When it comes to hobby rotorcraft, it almost seems like the more rotors, the better. Quadcopters, hexacopters, and octocopters we’ve seen, and there’s probably a dodecacopter buzzing around out there somewhere. But what about going the other way? What about a rotorcraft with the minimum complement of rotors?

And thus we have this unique “flying stick” bicopter.  [Paweł Spychalski]’s creation reminds us a little of a miniature version of the “Flying Bedstead” that NASA used to train the Apollo LM pilots to touch down on the Moon, and which [Neil Armstrong] famously ejected from after getting the craft into some of the attitudes this little machine found itself in. The bicopter is unique thanks to its fuselage of carbon fiber tube, about a meter in length, each end of which holds a rotor. The rotors rotate counter to each other for torque control, and each is mounted to a servo-controlled gimbal for thrust vectoring. The control electronics and battery are strategically mounted on the tube to place the center of gravity just about equidistant between the rotors.

But is it flyable? Yes, but just barely. The video below shows that it certainly gets off the ground, but does a lot of bouncing as it tries to find a stable attitude. [Paweł] seems to think that the gimballing servos aren’t fast enough to make the thrust-vectoring adjustments needed to keep a stick flying, and we’d have to agree.

This isn’t [Paweł]’s first foray into bicopters; he earned “Fail of the Week” honors back in 2018 for his coaxial dualcopter.
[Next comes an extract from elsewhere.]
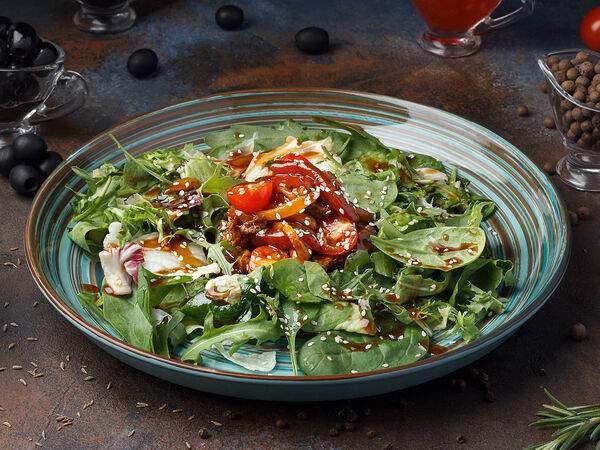 Blackwood - Теплый салат с говядиной и овощами в тайском стиле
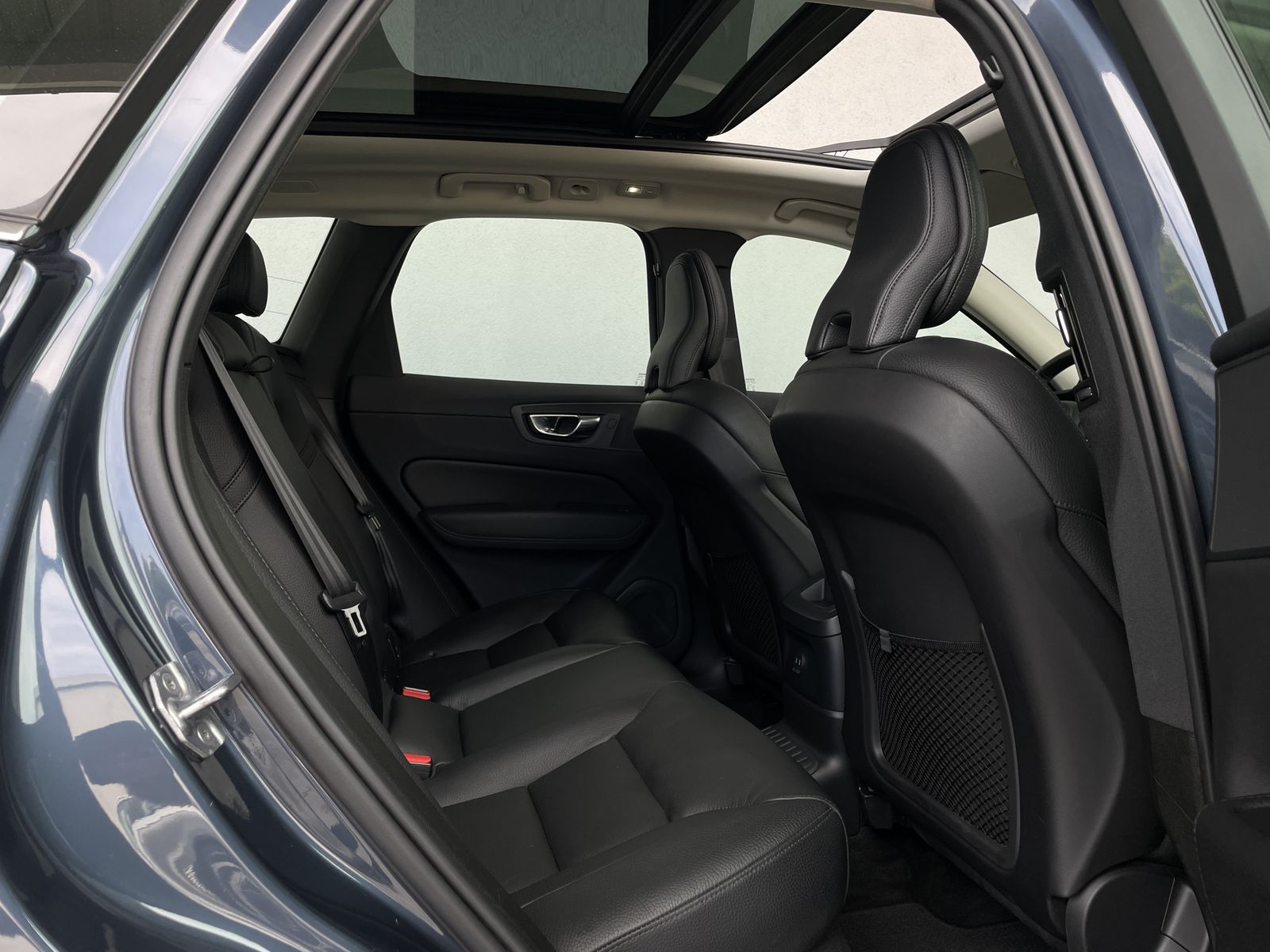 Volvo XC60 T6 Inscription Plug-In AWD - Samsaru's Car Outlet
The flying stick seems to do much better in general, and kudos to him for even managing to get it off the ground.

26 thoughts on “When Sticks Fly

  1. re: more rotors, as the rotors get larger, they have more rotational inertia (harder to accelerate/decelerate rapidly) and they also end up with more of a gyroscopic effect (harder to tilt quickly), before long you need to switch from simple fixed propellers to the complex hinge/swashplate setup that helicopters use. having lots of small rotors instead of a few large/complex ones is a tradeoff that seems practical (at least so far)

    1. Coaxial rotor helicopters are a thing and they work both big and complex (e.g. the Russian Kamov) and small and simple (many RC toys).

      But there is a reason why helis have both rotors together at the top and the body of the helicopter is hanging *below* the rotors. I.e. not what he has in the video with the “stick”, where one rotor is at the top and the other one at the bottom.

      Low center of gravity is important and it helps a lot with the stability of the craft (think how a steadicam works).

      1. 1. Big coaxial helicopters have full cyclic control via swashplate and are completely *utterly* dissimilar to the thing above and that is exactly what @David Lang mentioned!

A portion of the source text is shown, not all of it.